Sweep the leg Johnny. I always thought Johnny was a total douche cookie in Karate Kid. I mean … he was a total dick. Now, you can be a total dick just like him. Grab yourself one of Jack’s Surfboards sweatshirts and start intimidating anyone even remotely looking like Ralph Macchio.
Superhero hoodies, no way! Pretend to be your favorite hero around the house or at the local watering hole. Mental note: Never tell a member of the opposite sex your spider sense is tingling. Chances are, you just have to pee.
Elm Co is run by some awesome peeps. Predominately a hat brand a few years back, they have recently started to craft up some great looking threads. This gunner jacket is pretty dope.
A hooded sweatshirt customizable with a zip-off front pocket. Mix & match with your friends…just like Pogs!
Buying this robe could say two things: One, you are really into Star Wars & the Jedi lifestyle. Two, you are in some black arts cult & this was the closest find to the robes in the movies. Either way you slice it – Robe-ie One Kenobi – you’re still not going to choke people with your mind.

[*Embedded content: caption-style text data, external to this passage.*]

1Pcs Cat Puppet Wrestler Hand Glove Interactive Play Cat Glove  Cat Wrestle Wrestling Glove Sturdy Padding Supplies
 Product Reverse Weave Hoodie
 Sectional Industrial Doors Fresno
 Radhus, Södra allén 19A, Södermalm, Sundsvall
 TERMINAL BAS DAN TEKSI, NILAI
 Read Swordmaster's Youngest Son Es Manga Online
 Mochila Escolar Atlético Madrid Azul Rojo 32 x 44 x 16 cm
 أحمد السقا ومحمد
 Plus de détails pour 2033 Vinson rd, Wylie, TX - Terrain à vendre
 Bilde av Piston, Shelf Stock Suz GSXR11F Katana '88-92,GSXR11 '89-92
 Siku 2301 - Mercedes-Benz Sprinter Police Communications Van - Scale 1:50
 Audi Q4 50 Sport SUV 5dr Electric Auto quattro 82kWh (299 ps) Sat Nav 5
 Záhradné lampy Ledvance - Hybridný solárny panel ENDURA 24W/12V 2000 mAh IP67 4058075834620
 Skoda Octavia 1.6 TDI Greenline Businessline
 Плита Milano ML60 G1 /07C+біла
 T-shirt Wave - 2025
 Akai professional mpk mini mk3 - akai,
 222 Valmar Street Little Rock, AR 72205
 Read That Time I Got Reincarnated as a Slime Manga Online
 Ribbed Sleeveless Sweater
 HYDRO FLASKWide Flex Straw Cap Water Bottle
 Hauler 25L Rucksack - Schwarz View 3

It was really only a matter of time – Spitfire & Dickies team up to make the blue-collar skate special. To me, Nor-Cal style is Spitfires, Dickies, Vans, Thrasher hat & hills in the Bay Area. The O.G. Fast and Furious, way before it was about Japanese imports and mega douche actors.
Sweatshirt? More like sweet shirt! Headphone-tech built right into the draw strings. This is pretty friggin cool. What will the thinkers come up with next? I always wanted to do a wet suit with an inflatable manhood area. What? You say. Dude, sometimes the water is really cold & things hide. I’m just saying…like, if you are coming out of cold water & you want to maybe impress someone near-by…just give it a couple pumps and you’re sweet. Just don’t go to town on it or it will look really scary and disproportionate. Wait, I think I went off on a tangent there. Um, yeah… Rusty sweatshirt, headphones in drawstrings, pretty cool. I’m just going to go wait over here….
If you don’t like Boba Fett and things that involve Boba Fett then you may want to turn in your penis and hand over your manhood. Yeah, I said that! Throw this on and go around muttering, “He’s no good to me dead” & “Put Captain Solo in the cargo hold.” Nerds everywhere will think you’re the cat’s meow…and girls everywhere will ignore you even more.
Toes on the nose with all your bros? This vintage looking sweatshirt/fleece screams retro fish and a hipster mustache. Get one and grab rail.